The Spencer Davis Group: “Keep On Running.” No. 1 in December 1965
A substantially -rearranged version of reggae star Jackie Edwards' original, hinging on Muff Winwood's fat, farty bass riff, and brother Stevie's great voice and fuzz guitar. This led to more Jackie Edward numbers, and more big hits for the SDG.
The Animals: “Inside- Looking Out.” No. 12 in February 1966
Frustrated by Mickie Most's insistence on giving them Brill Building songs which portrayed romanticised views of poverty, the group split with him and released this. Based on their existing re-arrangement of the work song "Rosie" (you can find them playing it in concert, somewhere on YouTube) it's credited to Burdon and bassist 'Chas' Chandler, and is probably their most powerful musical statement as a Blues Band since House Of The Rising Sun. It stalled just outside the top Ten and after that they returned to the Brill Building for Goffin/King's "Don't Bring Me Down" in June, their final single.
The Spencer Davis Group: “Somebody Help Me.” No. 1 in March 1966
Virtually a straight copy of the original, minus the orchestra and brass, a bright uptempo song and a good choice for the band, though without the immediate impact of its predecessor.
Alan Price: “I Put A Spell On You.” No. 9 in March 1966
Owing more to the Nina Simone version than Screamin' Jay's original, this opens with a hymnal organ figure. Alan takes the first verse alone, then the band comes in and it kicks into overdrive with syncopated brass and a dazzling keyboard solo. He ain't Eric Burdon, but he still delivers a powerful and passionate vocal, and musically it's much more cohesive than his old band's version on Animalisms. Nicely done.
The Pretty Things: “Come See Me.” No. 43 in May 1966
A re-arrangement of the single by little known Soul singer J J Jackson, the Pretties put this into the same tempo as "Everybody Needs Somebody" and throw all their energy into it. The bass intro is immediately striking, the band, augmented by keyboards, sounds huge, and the catchy chorus trades May's vocal with Taylor's super-fuzzy guitar. A really powerful single, this deserved to do much better.

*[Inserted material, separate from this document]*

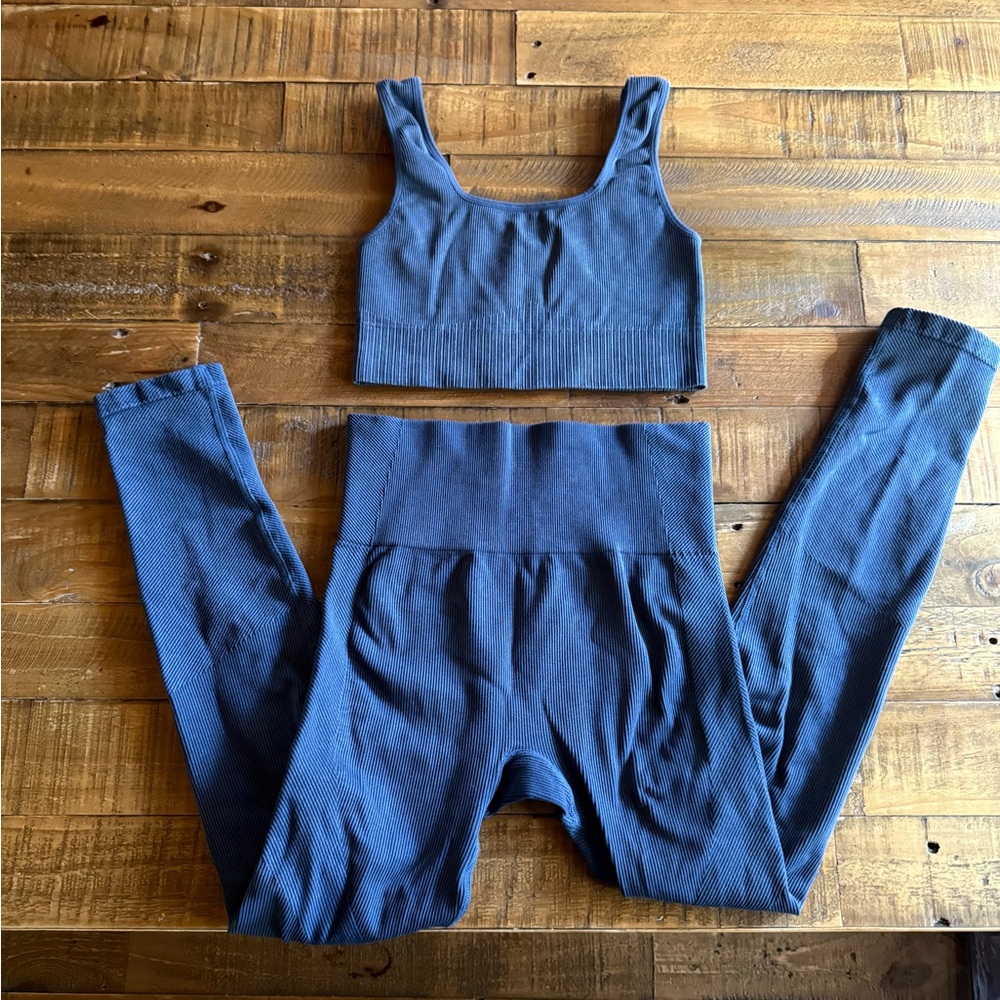 Blue Ribbed Workout Set Joylab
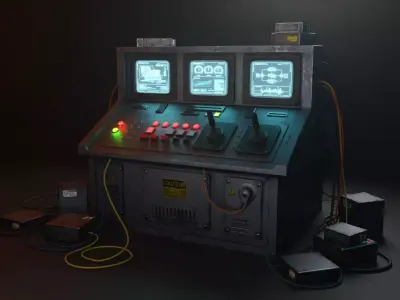 Control Console or Terminal Low-poly 3D model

The Spencer Davis Group: “When I Come Home.” No. 12 in September 1966
Co-written by Stevie Winwood and Jackie Edwards, brought together through their mutual association with Chris Blackwell of Island Records. A fine track, it doesn't quite have the immediacy of their two chart-toppers, but may have been the catalyst that spurred young Stevie into writing his own hits.
Georgie Fame: “Sunny.” No. 13 in September 1966
Written and recorded Stateside by Bobby Hebb, whose version of it went into the UK Charts just ahead of this one. Fame's arrangement is put together with piano and lots of smooth brass, but it's Hebb's version that has the “vibes” (in more ways than one!)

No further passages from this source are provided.